Une attaque israélienne tue 14 proches d’une Palestinienne, dont ses bébés de cinq mois et son mari

Mis à jour dimanche 3 mars 2024 – 21h00

Rania Abou Anza Il a fallu 10 ans et trois cycles de fécondation in vitro pour tomber enceinte, mais en quelques secondes elle a perdu ses jumeaux de cinq mois – un garçon et une fille – lors d’une attaque israélienne dans le sud de Gaza.

Un projectile tiré par les forces israéliennes a touché la maison de sa famille dans la ville de Rafah samedi soir, tuant ses enfants, son mari et 11 autres parentset laissant neuf autres disparus sous les décombres, selon les survivants et les responsables locaux de la santé.

Elle s’était réveillée vers 22 heures pour allaiter son fils Naeim et s’était rendormie avec lui dans un bras et Wissam, la fille, dans l’autre. Son mari, Wissam, ouvrier de 29 ans, dormait à côté d’eux. L’explosion s’est produite une heure et demie plus tard. La maison s’est effondrée.

« J’ai crié pour mes enfants et mon mari »» a déclaré dimanche la femme de 29 ans en sanglotant et en serrant une couverture pour bébé contre sa poitrine. « Ils étaient tous morts. Leur père les a pris et m’a laissé derrière. ».

Les frappes aériennes israéliennes frappent périodiquement des maisons familiales surpeuplées depuis le début de la guerre à Gaza, notamment à Rafah, qu’Israël a déclaré zone de sécurité en octobre mais qui est désormais la prochaine cible de son offensive terrestre dévastatrice.

Les attaques surviennent généralement sans avertissement, généralement au milieu de la nuit.

Israël assure qu’il essaie de ne pas causer de préjudice à la population civile et accuse le groupe militant Hamas de leur mort car il place des chasseurs, des tunnels et des lance-roquettes dans des zones résidentielles denses. Mais l’armée israélienne commente rarement les attaques spécifiques, qui coûtent souvent la vie à des femmes et à des enfants.

Dimanche, l’armée n’a pas commenté cette attaque, mais a déclaré qu’elle « obéissait au droit international et prenait les précautions possibles pour atténuer les dommages causés aux civils ».

Sur les 14 personnes tuées dans la maison d’Abu Anza, six étaient des enfants et quatre étaient des femmes, selon le docteur Marwan al-Hams, directeur de l’hôpital où les corps ont été transférés.

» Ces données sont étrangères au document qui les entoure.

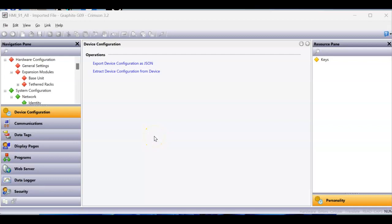Redline just came out with a new build of Crimson 3.2. The really cool thing about this new build is that you can use it on any of the hardware that was supported in Crimson 3.1. So I highly recommend you go to Redline's website and download Crimson 3.2. It looks a lot like Crimson 3.1 — the only big difference is you have this device configuration.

En plus de son mari et de ses enfants, Rania a également perdu une sœur, un neveu, une cousine enceinte et d’autres proches.

Jusqu’à samedi, la famille Abu Anza avait été relativement chanceuse. Rafah a été épargnée d’immenses destructions dans le nord de Gaza et dans la ville méridionale de Khan Younis, où les chars et les troupes terrestres israéliennes ont combattu les militants bloc par bloc après des vagues de frappes aériennes.

Rafah est située dans une zone en déclin de Gaza où l’aide humanitaire peut encore être acheminée.

Mais Israël a annoncé que Rafah serait la prochaine cible et que les quelque 1,5 million de personnes qui y ont trouvé refuge seront relocalisées, sans préciser où.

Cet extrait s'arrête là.